Ni Oumar Tatam Ly, ni Moussa Mara, encore moins Modibo Keita, n’auraient dû occuper la primature, qui doit échoir au parti majoritaire à l’Assemblée Nationale, le RPM. La gestion démocratique de la Res publica exige des principes que nul ne doit feindre d’ignorer. Au Mali malheureusement, depuis l’avènement de la démocratie les différents Présidents qui se sont succédé au pouvoir ont rarement respecté à la lettre ce principe du fait majoritaire dans le choix du Premier Ministre. D’Alpha Oumar Konaré à IBK en passant par ATT, ils ont tous choisi leurs PM selon leur bon vouloir ou sur la base d’affinités personnelles. Ils n’ont pensé à leur majorité qu’en cas de blocage. IBK n’a-t-il pas tardé à choisir le PM au sein du RPM ? Abdoulaye Idrissa Maiga est-il un choix judicieux ? Les militants du parti présidentiel ne seront-t-ils pas divisés entre les deux éléphants, à savoir Tréta et Maiga, qui rivalisent pour le contrôle du parti ?
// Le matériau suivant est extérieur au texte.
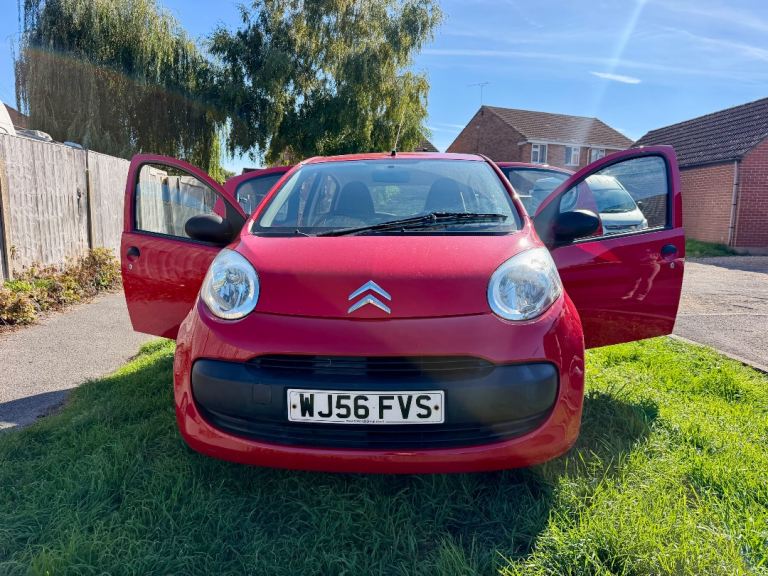 Citroen, C1, Hatchback, 2006, Manual, 998 (cc), 5 doors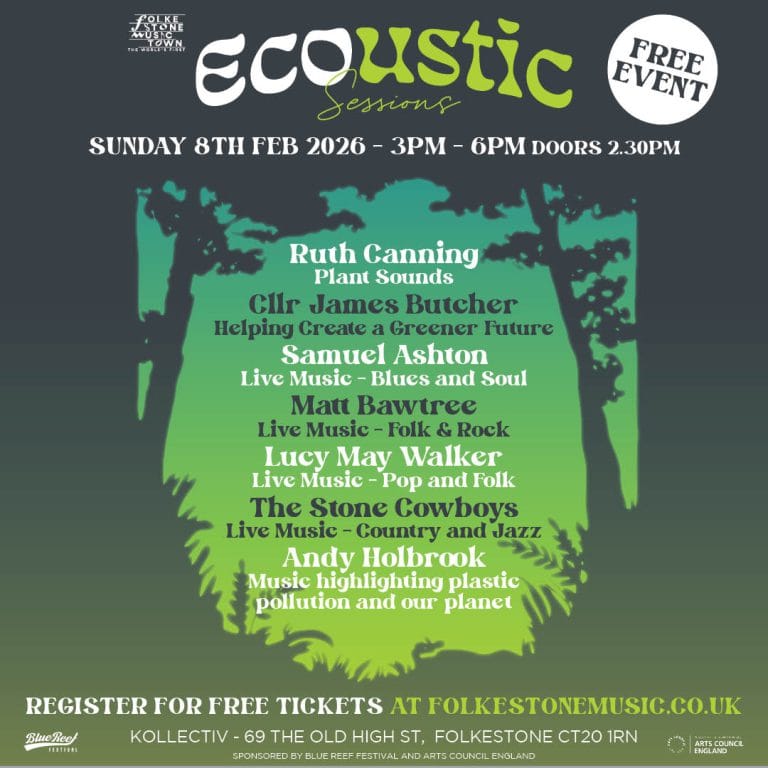 2026 Ecoustic Sessions Kollectiv Feb Folkestone 2 768x768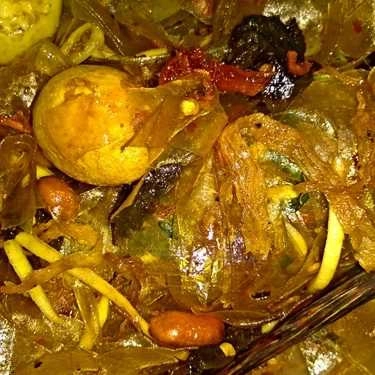 Tổng hợp- Ăn vặt Bánh Tráng Trộn Long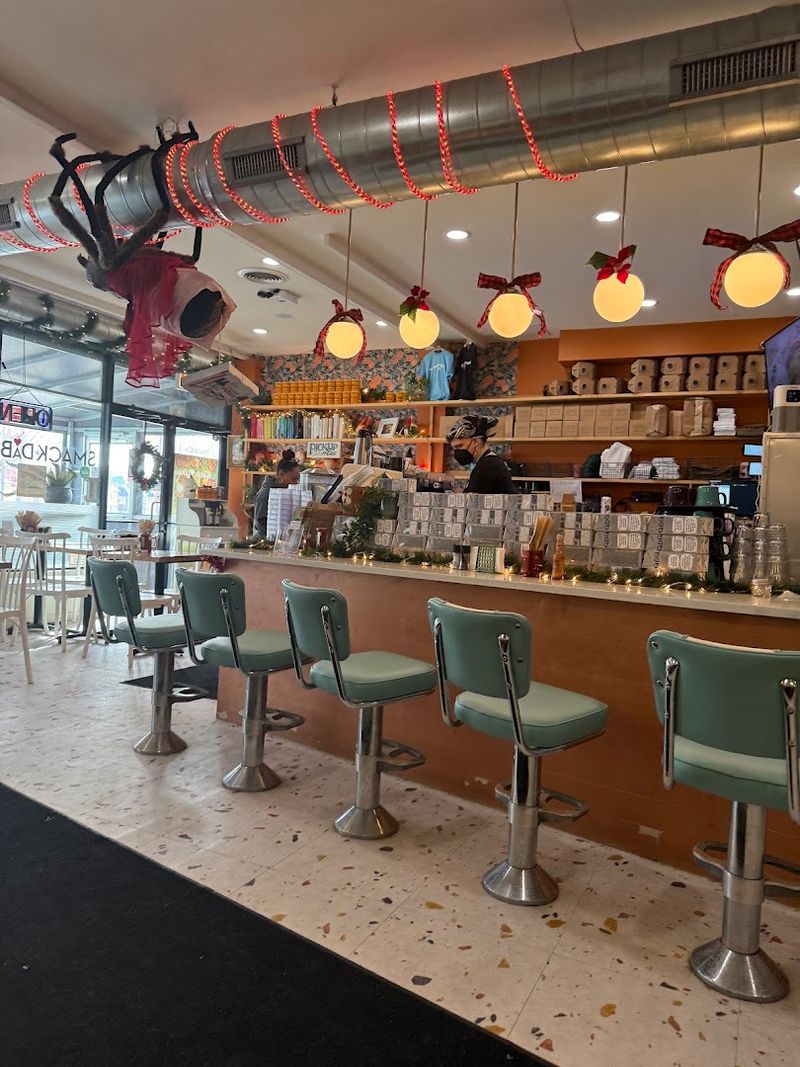 The Warm And Welcoming Staff 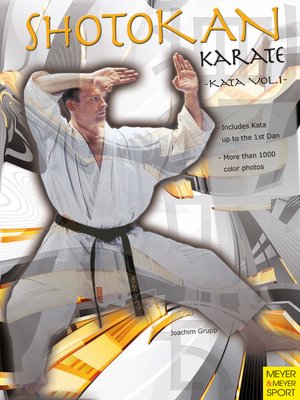 cover image of Shotokan Karate Kata Volume1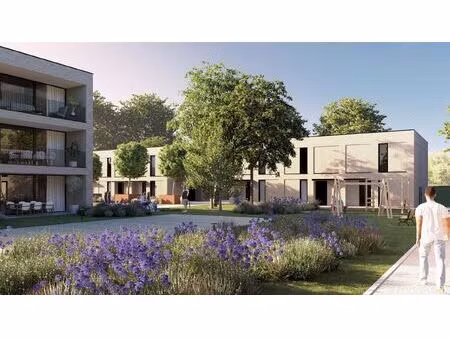 appartement te koop in puurs met 2 slaapkamers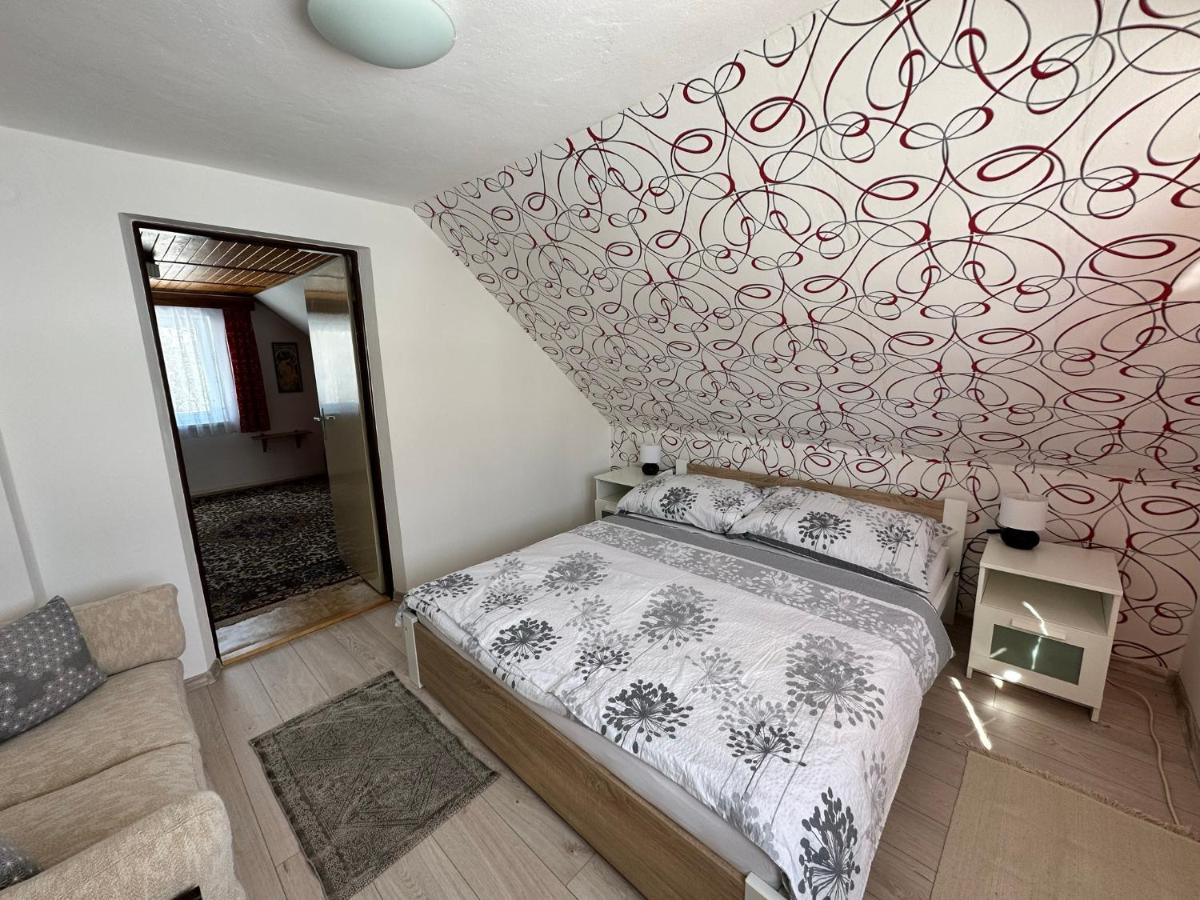 Ubytovani U Pradku Čeladná Bagian luar foto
Ils l’ont cherché et l’ont enfin obtenu. Après 4 ans de combat, cadres et militants du RPM n’ont jamais cessé de contempler la grande bâtisse de la cité administrative depuis l’avènement d’IBK au pouvoir. Et c’est le 8 avril 2017, qu’il y a eu la consécration du parti des tisserands en obtenant le poste de Premier ministre. Abdoulaye Idrissa Maiga en est le nouveau locataire. La patience a été longue et fastidieuse. La question qui semble être sur toutes les lèvres est celle de savoir ce que pourra faire la Majorité face à une grogne sociale qui va crescendo et à seulement quinze mois des élections Présidentielles ?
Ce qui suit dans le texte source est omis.